At 4 o’clock Miss Freeman returned.
“So, have you worked it out yet? Why have I kept you behind, when Jim, Martin and the others were messing round as well?”
“They were worse,” I added. I didn’t want to tell her about the penis.
She sat on a seat in front of me and took a deep breath and exhaled. “What do you think those boys are going to be doing in a few years time?”
“I don’t know,” I shrugged.
“I can tell you,” she said. “They’ll leave school, they probably won’t even do their exams. Jim’s dad’s a plumber. Martin’s dad a scaffolder. They’ve got their own family businesses. They don’t need to pass any exams. They already have jobs.”
“Do you need to pass your exams?”
“Do you want to go to college?”
“Do you want to get a job?”
“Well then. You don’t have a choice – you have to get this right. You have to try harder than them. Stop messing around.”
We sat in silence in the light of suspended lamps above the work benches. The moments felt uncomfortably long.
“You can go home now,” she said.
I picked up my bag and headed to the door.
“One more thing,” she said. “I won’t tell Mr Hellier about this.”
Mr Hellier was our year head, who kept a log of detentions, ready for parents evening when the secret indiscretions of the term, so long suppressed, would find utterance leading to some bruised bums that night in the London Borough of Merton.
I walked fast to get home so that it didn’t appear to be a detention to my parents; I didn’t even bother looking for Cory or Paul on Figges’ Marsh.

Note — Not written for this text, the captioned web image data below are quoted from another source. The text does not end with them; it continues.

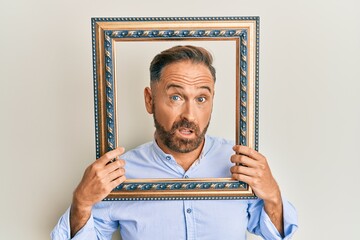 Poster - Handsome middle age man holding blank empty banner in shock face, looking skeptical and sarcastic, surprised with open mouth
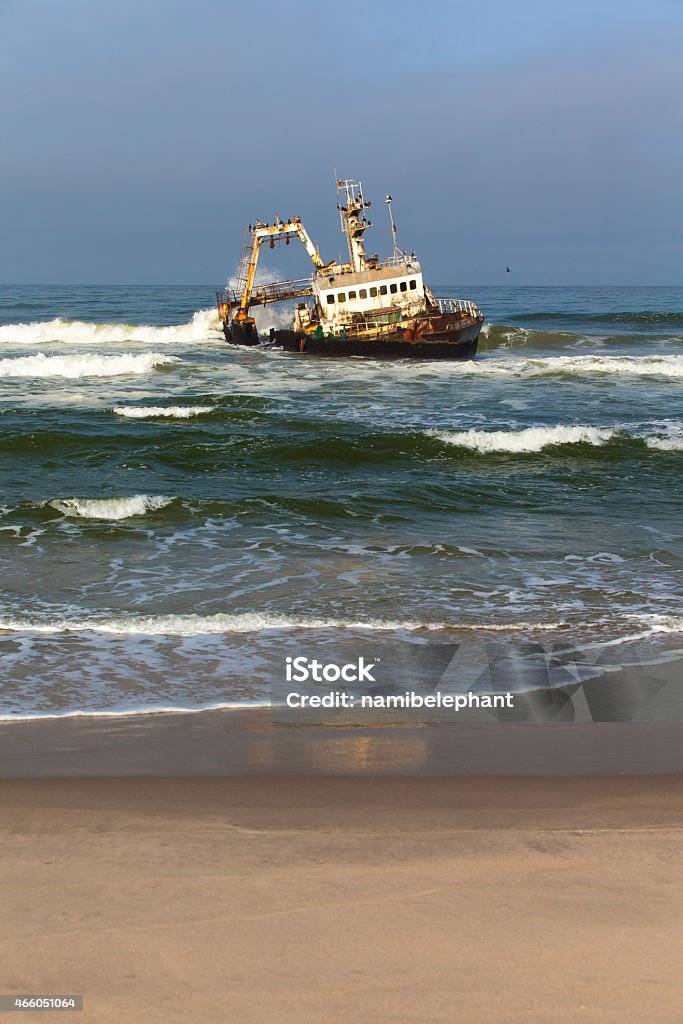 wreck at the skeleton coast Waves breaking against a wreck with cormorants sitting on the ship at the Skelton Coast, Namibia 2015 Stock Photo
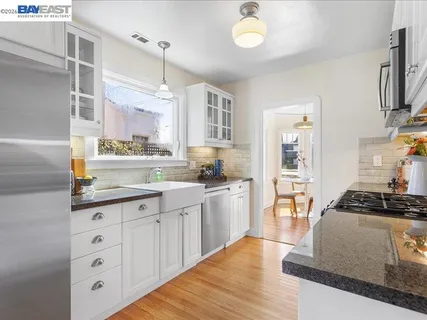 a kitchen with stainless steel appliances granite countertop a stove a sink dishwasher and white cabinets with wooden floor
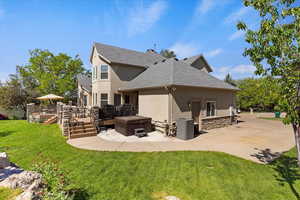 Rear view of property with a hot tub, composite deck, and RV parking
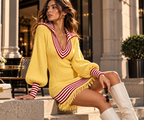 Rivelle Striped Knit Dress in Soft Yellow with red striped trim, styled in a luxury street setting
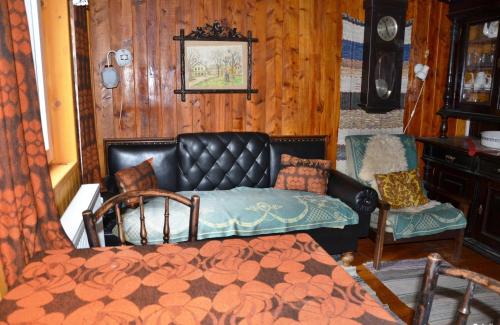 ein Wohnzimmer mit einem Ledersofa und einem Stuhl in der Unterkunft Chata U skřítka in Valašská Bystřice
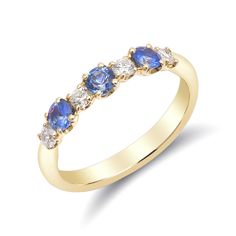 a yellow gold ring with blue and white stones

The next day I woke and was just grateful that my detention would remain a secret; my parents would have been furious had they found out.

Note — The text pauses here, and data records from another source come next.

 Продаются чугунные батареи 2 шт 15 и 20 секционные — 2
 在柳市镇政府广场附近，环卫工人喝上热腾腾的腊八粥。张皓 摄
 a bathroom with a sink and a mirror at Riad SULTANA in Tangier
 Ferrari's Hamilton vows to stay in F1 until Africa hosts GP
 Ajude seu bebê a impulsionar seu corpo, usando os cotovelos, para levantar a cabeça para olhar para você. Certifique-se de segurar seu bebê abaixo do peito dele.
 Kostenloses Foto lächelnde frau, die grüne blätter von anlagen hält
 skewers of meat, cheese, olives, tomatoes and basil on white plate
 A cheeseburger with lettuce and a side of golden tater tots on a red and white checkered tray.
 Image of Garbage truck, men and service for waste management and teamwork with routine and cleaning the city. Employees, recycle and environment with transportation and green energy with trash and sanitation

I’m not sure that I absorbed Miss Freeman’s advice straight away but from that day on I stopped being mischievous. Now looking back after all these years, I can still picture that puzzled 12 year old sitting on his own in that woodwork classroom. Only hindsight can elevate a mundane moment in to one of glittering, life-changing significance.
The next ten years of my life were filled with lessons, A levels, then university and further. Miss Freeman was right, my journey would be longer than some others, so I would have to stay focused for longer; I’m sure the Bandstand Boys are doing just fine. (I do wonder about Michael Bush’s tattoo though.)
Although I never took woodwork again, I never had a greater lesson than Miss Freeman’s woodwork class. And from then on I never got into another detention ever again.